Short web captions
________________

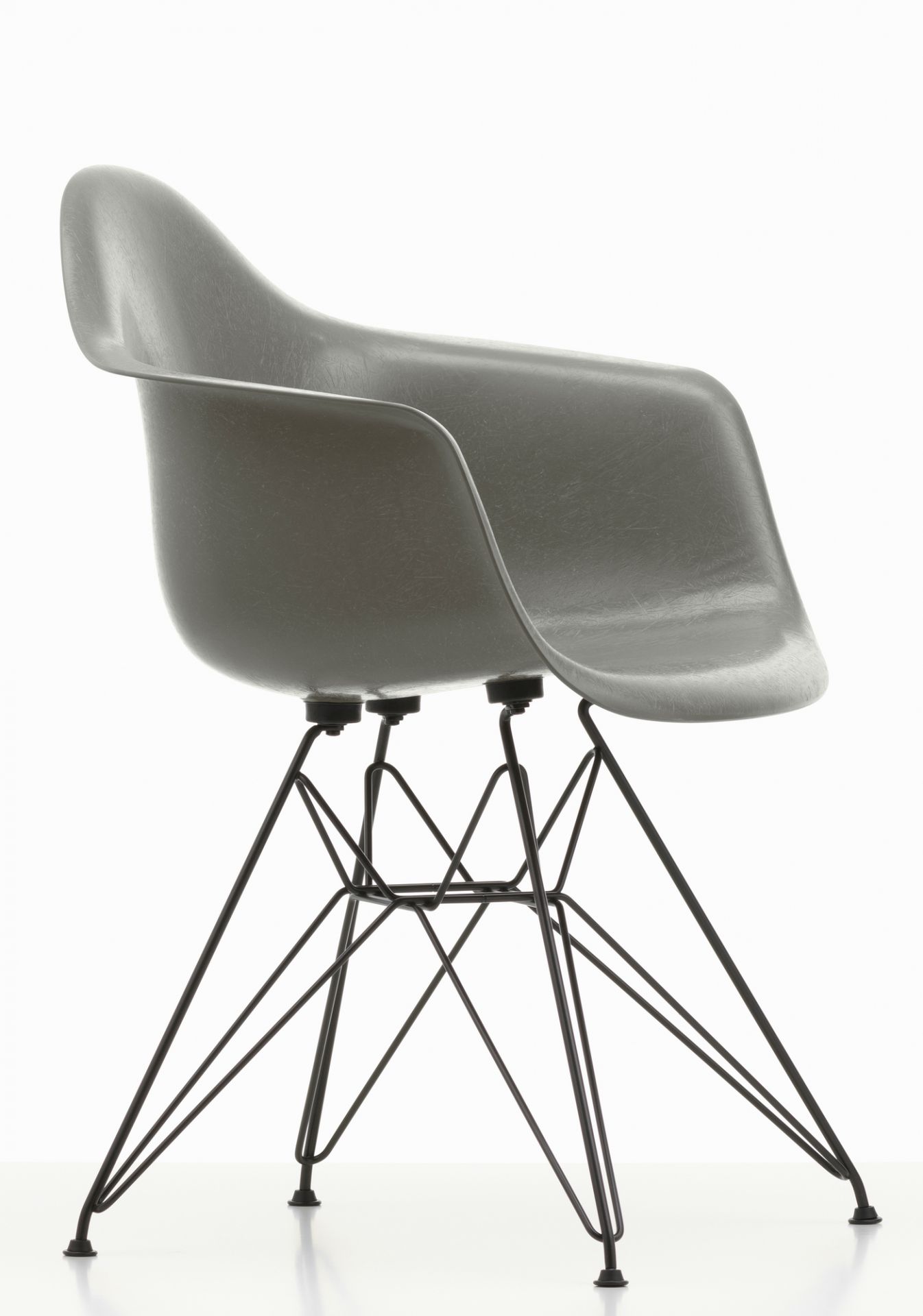 Grauer Eames Fiberglass Arm Chair DAR Stuhl von Vitra mit schwarzem Eiffelgestell. Designklassiker.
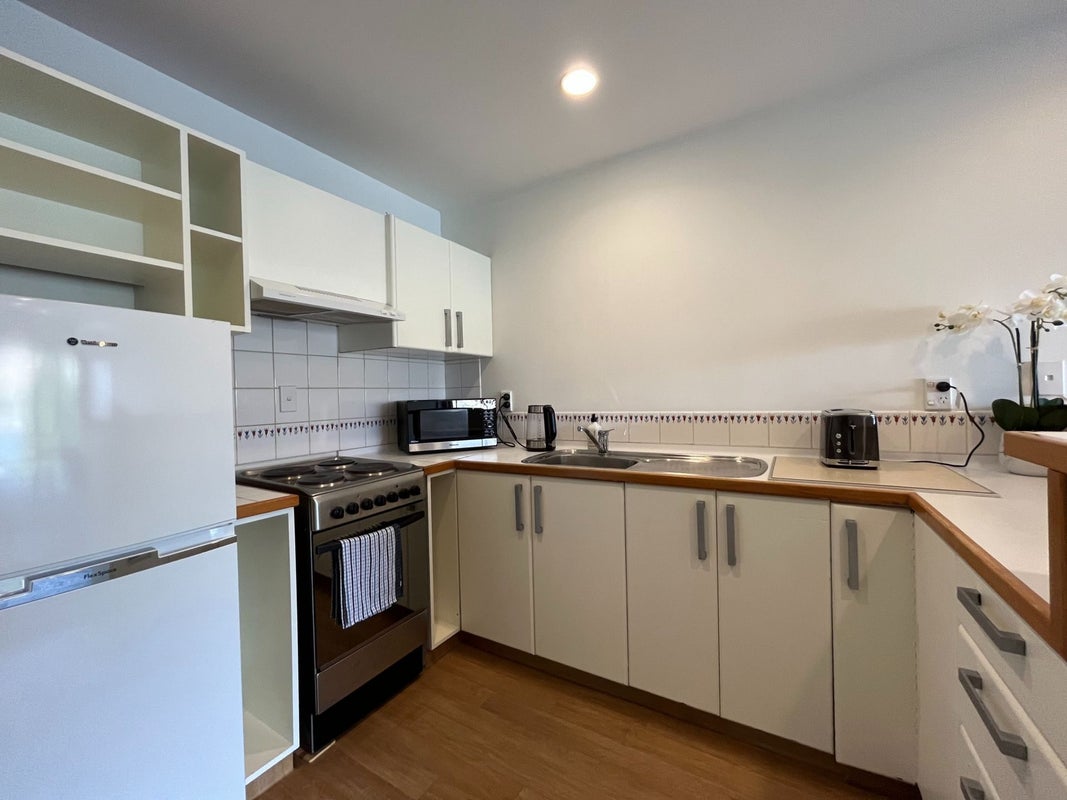 5/43 GOLDRIDGE WAY, FRANKTON RD, QUEENSTOWN - Carousel 2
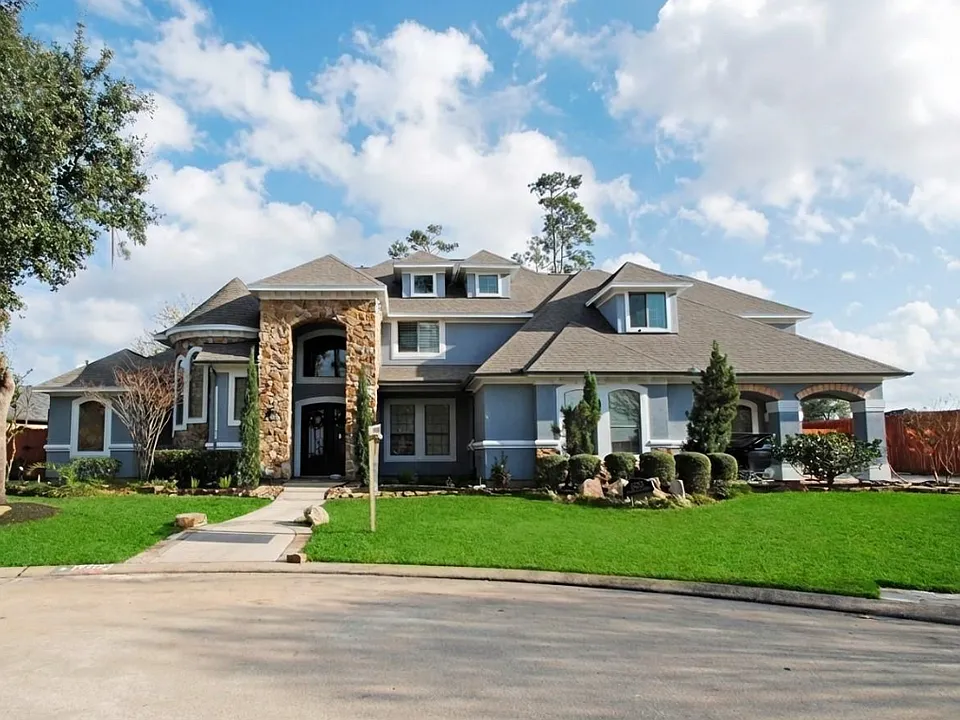 15823 Medina Lake Ln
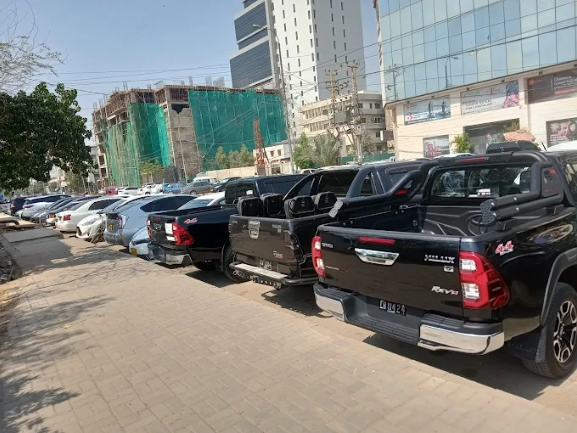 rental car service karachi image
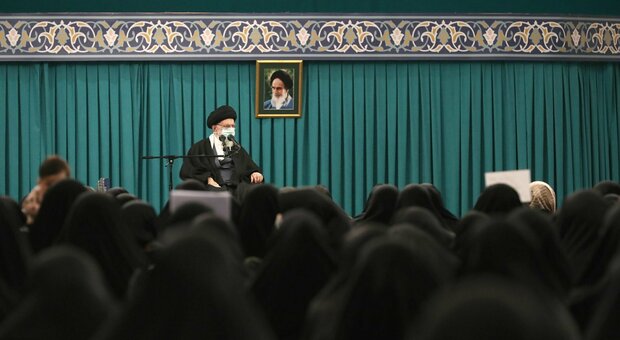 Iran, Khamenei apre alle donne che non indossano bene il velo
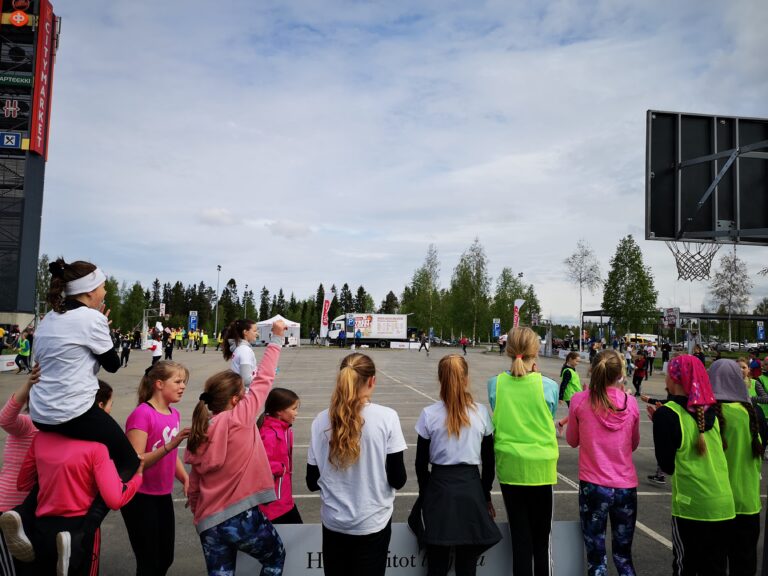 Pirkka Street Basket -tapahtumassa aurinkoinen meininki Oulussa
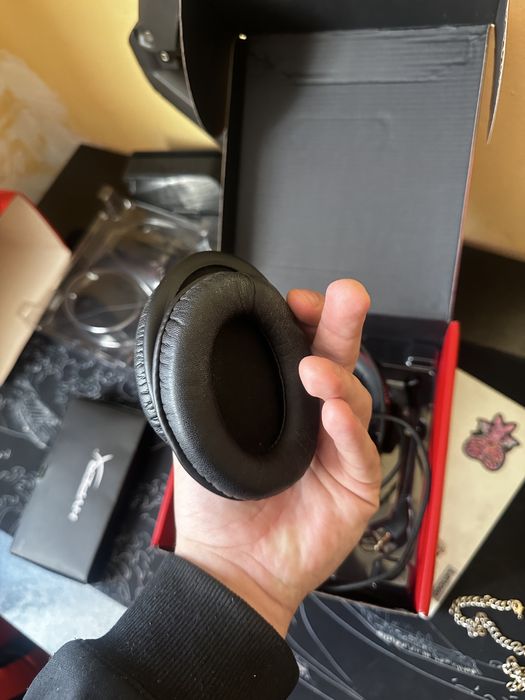 Продам новые наушники HyperX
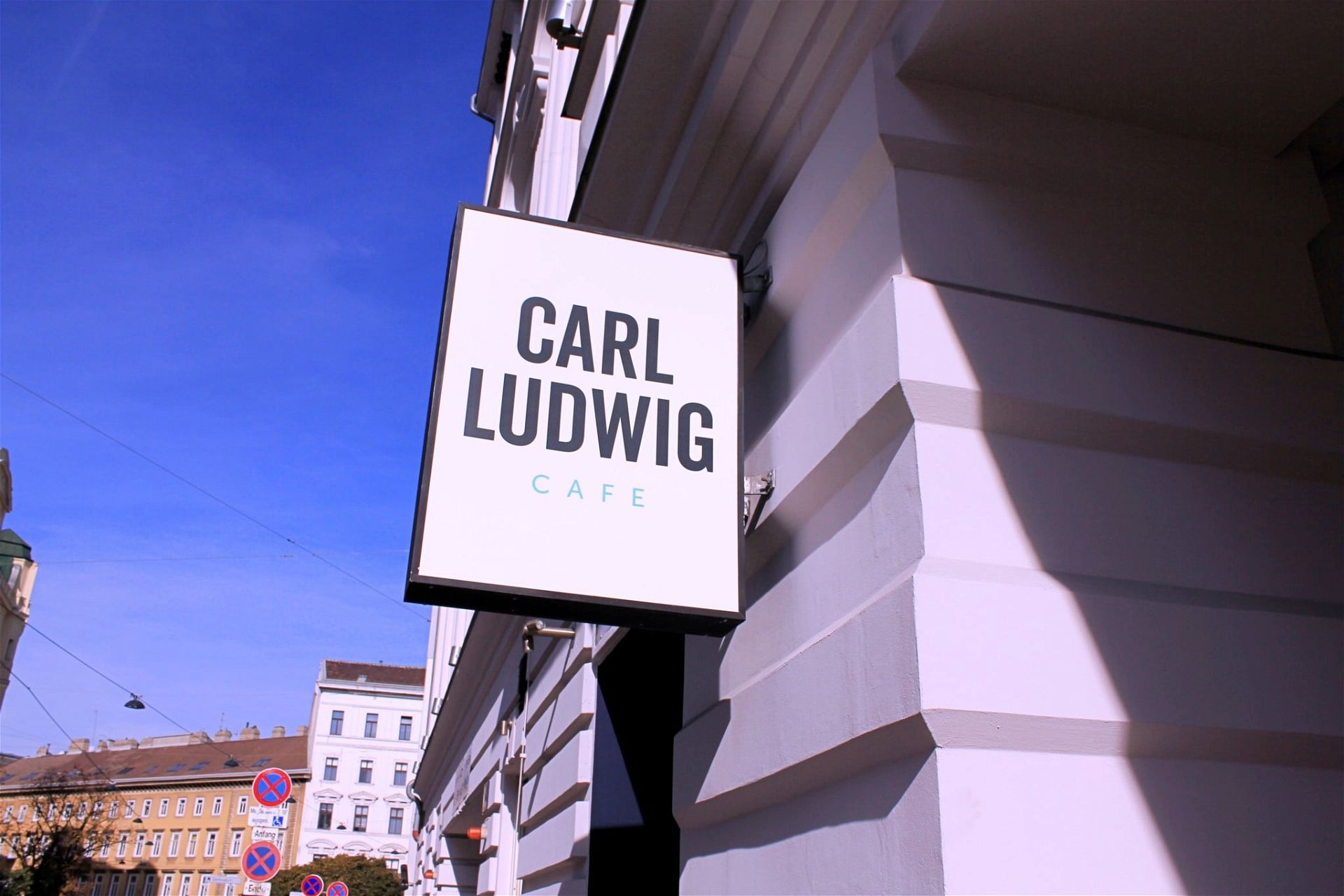 Eingangsschild Carl Ludwig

________________

* **TASK TO COMPLETE**
The records above are to be duplicated exactly, pictures left out.

* **RESPONSE TO THE TASK**
 Grauer Eames Fiberglass Arm Chair DAR Stuhl von Vitra mit schwarzem Eiffelgestell. Designklassiker.
 5/43 GOLDRIDGE WAY, FRANKTON RD, QUEENSTOWN - Carousel 2
 15823 Medina Lake Ln
 rental car service karachi image
 Iran, Khamenei apre alle donne che non indossano bene il velo
 Pirkka Street Basket -tapahtumassa aurinkoinen meininki Oulussa
 Продам новые наушники HyperX
 Eingangsschild Carl Ludwig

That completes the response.